Building a Near Real-Time Analytics Pipeline: From DynamoDB to Grafana Dashboard
Part 2: Implementation, Dashboard, and Operations
This is Part 2 of a two part series. Part 1 covered the problem, medallion architecture, CDC, the data lake storage and query layer, and Terraform setup. Part 2 covers Lambda implementations, data validation, Grafana setup, limitations, cost estimates, and conclusion.
The Bronze Lambda
When the Bronze Lambda receives a batch of stream records, it processes them into a simple format. Here is the core logic:
def lambda_handler(event, context):
records = []
for record in event['Records']:
table_name = extract_table_name(record['eventSourceARN'])

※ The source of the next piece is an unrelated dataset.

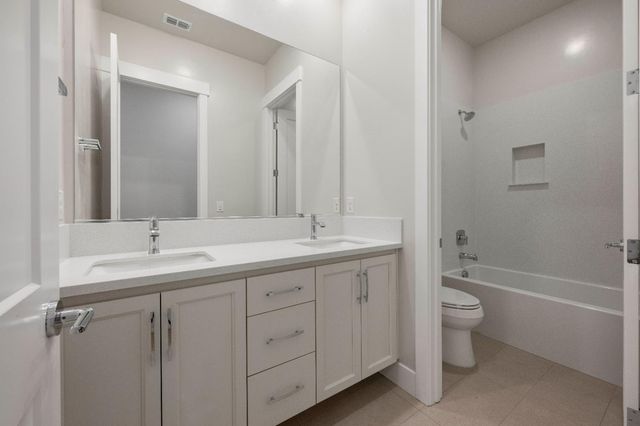 3026 Blackpoint Ct, Rocklin, CA 95765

event_name = record['eventName'] # INSERT, MODIFY, REMOVE
if event_name == 'REMOVE' or 'NewImage' not in record['dynamodb']:
continue
new_image = flatten_dynamodb_item(record['dynamodb']['NewImage'])
records.append({
'_event_name': event_name,
'_event_timestamp': datetime.utcnow().isoformat(),
'_table_name': table_name,
**new_image
})
# Write to S3 as Parquet with date partitioning + UUID for uniqueness
now = datetime.utcnow()
batch_id = uuid.uuid4().hex[:8]
s3_key = (f"bronze/{table_name}/year={now.year}/month={now.month:02d}"
f"/day={now.day:02d}/{now.strftime('%Y%m%d%H%M%S')}_{batch_id}.parquet")
table = pa.Table.from_pylist(records)
buffer = io.BytesIO()
pq.write_table(table, buffer, compression='snappy')
s3_client.put_object(Bucket=S3_BUCKET, Key=s3_key, Body=buffer.getvalue())The Lambda extracts the table name from the stream ARN, flattens the DynamoDB item format (converting {"S": "hello"} to plain "hello"), adds metadata fields prefixed with underscore, and writes everything to S3 as a Parquet file.
Notice the batch_id UUID suffix in the filename. With batch_size=100, a burst of 1000 inserts produces roughly 10 concurrent Lambda invocations. Without the UUID, two invocations finishing in the same second would write to the same S3 key (e.g., 20260216153042.parquet), and S3's last-writer-wins behavior would silently overwrite one batch. The UUID ensures every file is unique regardless of timing.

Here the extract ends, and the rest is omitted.